To bug out properly (because why succumb to the assumption that one will have to suffer and do without during a crisis?), one needs food, water and warmth, according to Hiner. The store, equipped to pack a bug out bag for those with the highest maintenance needs, features a whole shelf stand full of various kinds of MREs, which for the less militariliy inclined, means “meals ready to eat.” There’s a box of potato soup broth to feed a person three meals a day for 30 days, or a bucket that will last six months in an extreme case. The store carries various potable water solutions, from water tablets to personal water purifiers, as well as light-weight emergency blankets, fuel cans, and for the serious folks, a gas generator and a solar oven.
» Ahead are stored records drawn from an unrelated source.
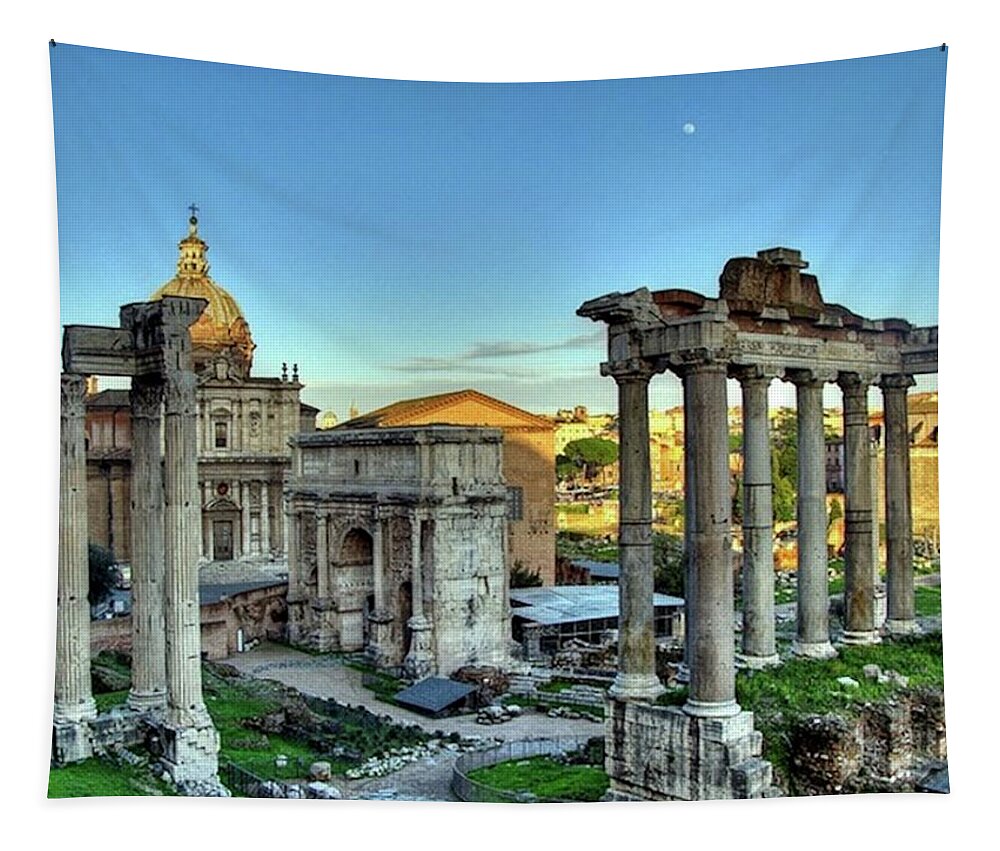 Temple Tapestry featuring the painting Temple of Saturn by Troy Caperton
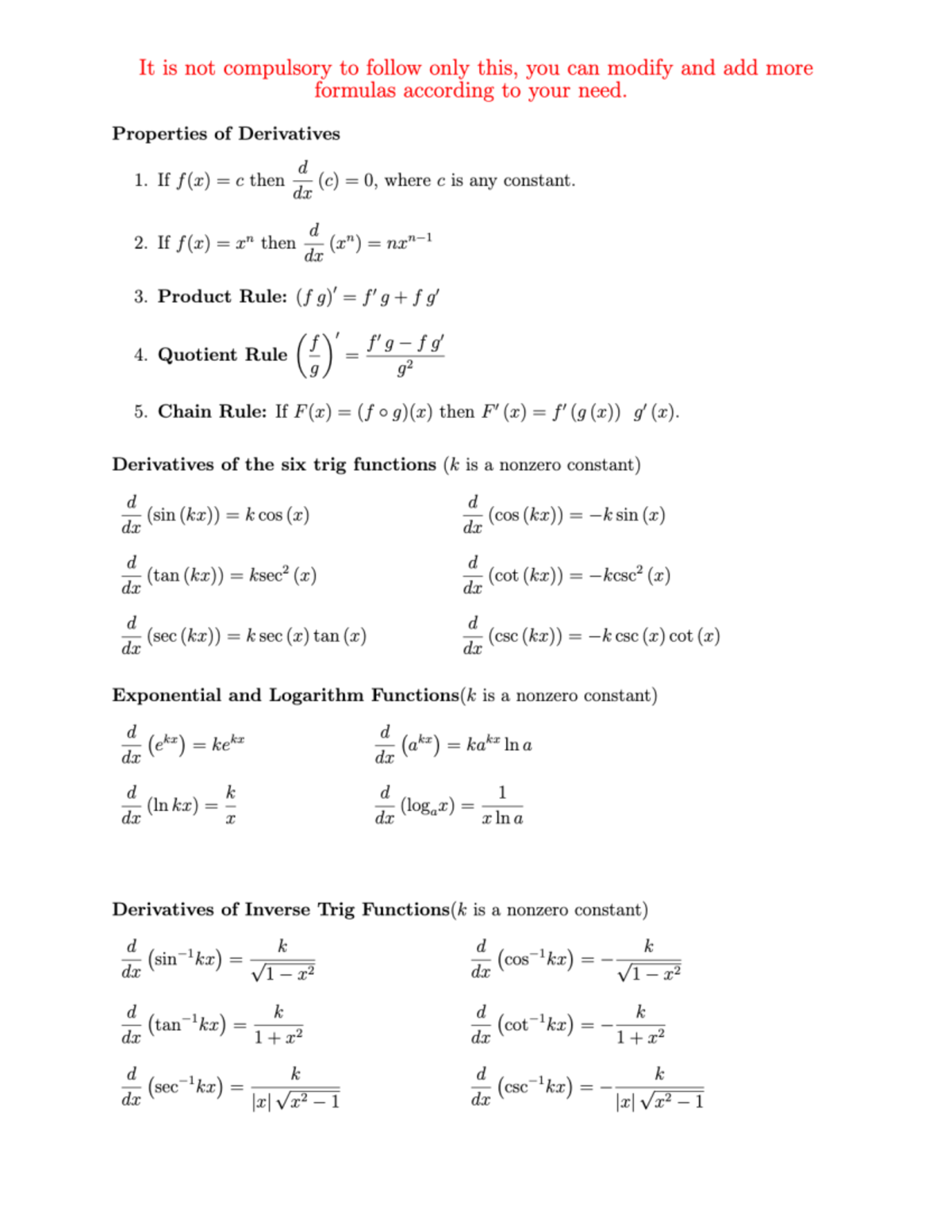 PDF - math notes - MAT1300 - Studocu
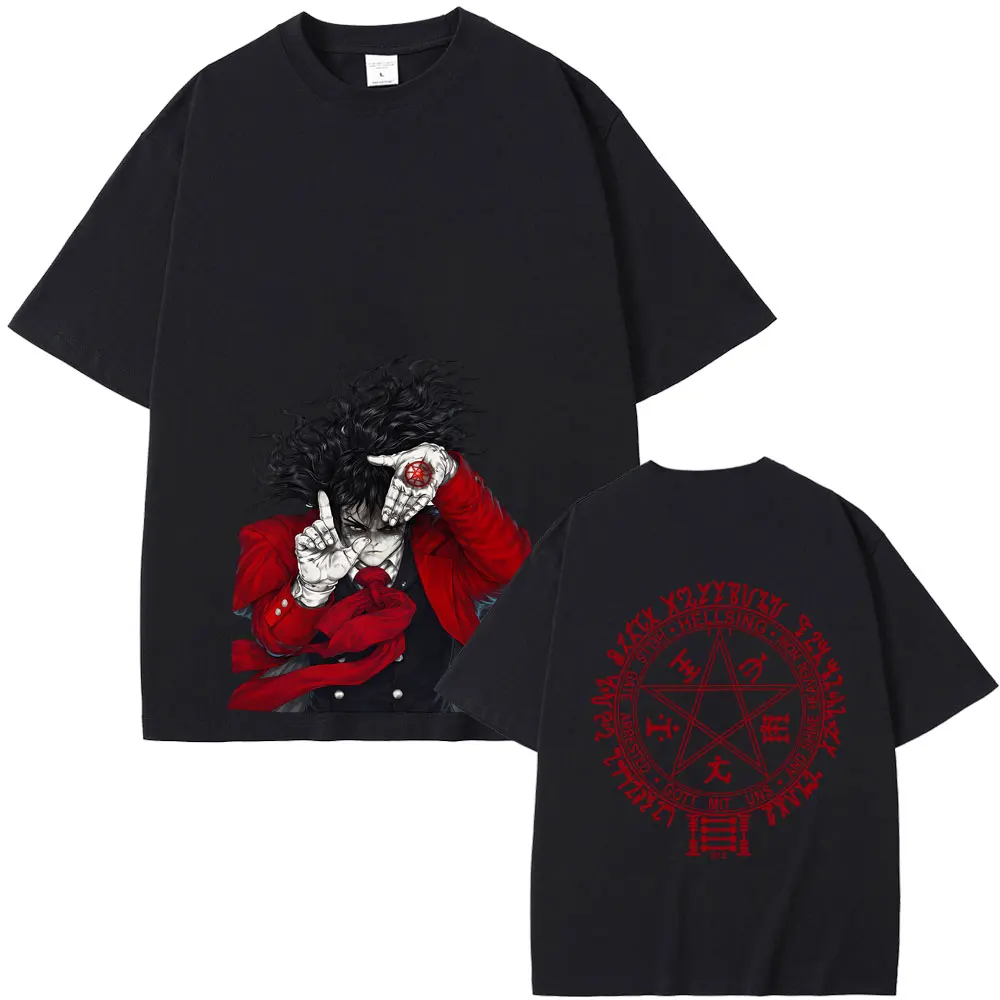 

Japanese Anime Hellsing T-shirt Vampire Alucard Merch T Shirts Men Clothing Manga Fashion Oversized Tshirt Male Soft Cotton Tees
Recurve bows and the indispensable samurai sword are also sold there, as well as hunting knives and small personal defense items, such as pepper spray.

And along with the store’s military issue clothing, some offered on consignment, the business also maintains the tie dye wear that loyal patrons have returned for since the former business closed last year.

Hiner and Thompson, who live just outside of Yellow Springs on Snively Road, use part of the Kings Yard space owned by Bob Baldwin for Thompson’s business, Addictions Resource Center, Inc., a rehabilitation service. The couple also operates a guest house called Willow’s Nest on Phillips Street.